The proposed agreement by Hamas and other terrorist groups in Gaza would be for six months. Israel has insisted that the agreement include a provision that Hamas not use the time to rearm by smuggling in weapons and that it also agree to release Cpl. Gilad Shalit, whom it helped abduct in a cross border raid on June 25, 2006.

“Hamas would like to have a truce in Gaza and the West Bank so it can renew its power [rearm] and it wants to hold Shalit forever,” said Mordechai Kedar, an expert on Arabs at the Begin-Sadat Center for Strategic Studies. “If it did not have him, it might try to kidnap another soldier.”
Kedar said he does not believe Israel would agree to any deal without the release of Shalit – a condition Hamas has rejected—and that he does not trust Hamas to stop smuggling in weapons even if it agreed to.

Reuven Ehrlich, director of the Intelligence and Terrorism Information Center at the Center for Special Studies near Tel Aviv, stressed that what Hamas and the other terrorist groups are seeking is not really a cease-fire but rather a “lull in the fighting.”

“What Israel will agree to, I don’t know,” Ehrlich said. “There are reasons why it would say yes, and there are a lot of reasons why it would say no. … From Hamas’ perspective, it is talking about ceasing rocket fire but not stopping rearming.”

He noted that Palestinian President Mahmoud Abbas met with Egyptian President Hosni Mubarak to declare his strong support for an agreement.

“An important component of the initiative is the opening of the [Israeli and Egyptian] crossings with the Gaza Strip,” Ehrlich pointed out. “And it would be open on their terms – giving them freedom to smuggle in all of their arms. … It has put the Israeli leadership in a dilemma.”

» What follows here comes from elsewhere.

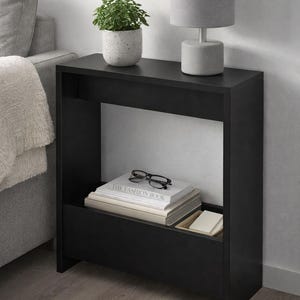 May include: A black side table with a shelf and a lower compartment. A gray lamp and a potted plant sit on top. Books and eyeglasses are in the shelf. The table is next to a gray sofa.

Talks between Abbas and Olmert continued this week and Uri Savir, director of the Shimon Peres Center for Peace, said “there has been progress. The understanding is more conceptual rather than concrete and in writing.”

He said he believed it was possible for the two sides to decide the issue of borders by the end of the year.

Asked if Olmert had the political clout to negotiate an agreement with Abbas as well as to mount a military offensive in Gaza if one was necessary, Savir replied: “If he does not resign, he will have the clout for both.”

Eytan Gilboa, a professor of political science at Bar-Ilan University, said that although there may have been progress on the border issue, “refugees, Jerusalem and settlements are very, very difficult” to resolve.

He noted that Bush has told Israeli journalists this week that he would be judged differently in 20 years because he has “laid down foundations for a better Middle East. … He started with calling for a two-state solution in 2002 – a democratic Palestine living in peace and security alongside Israel as a Jewish state. He was the first president to support a Palestinian state and to suggest that a return to the 1967 borders was impossible because of all kinds of facts established in the area. He made important statements during his years.

“I just completed a study in which I argue that Israel is the strongest supporter of the United States and the United States is the strongest supporter of Israel, and that it considers Israel a highly reliable and trusted ally.”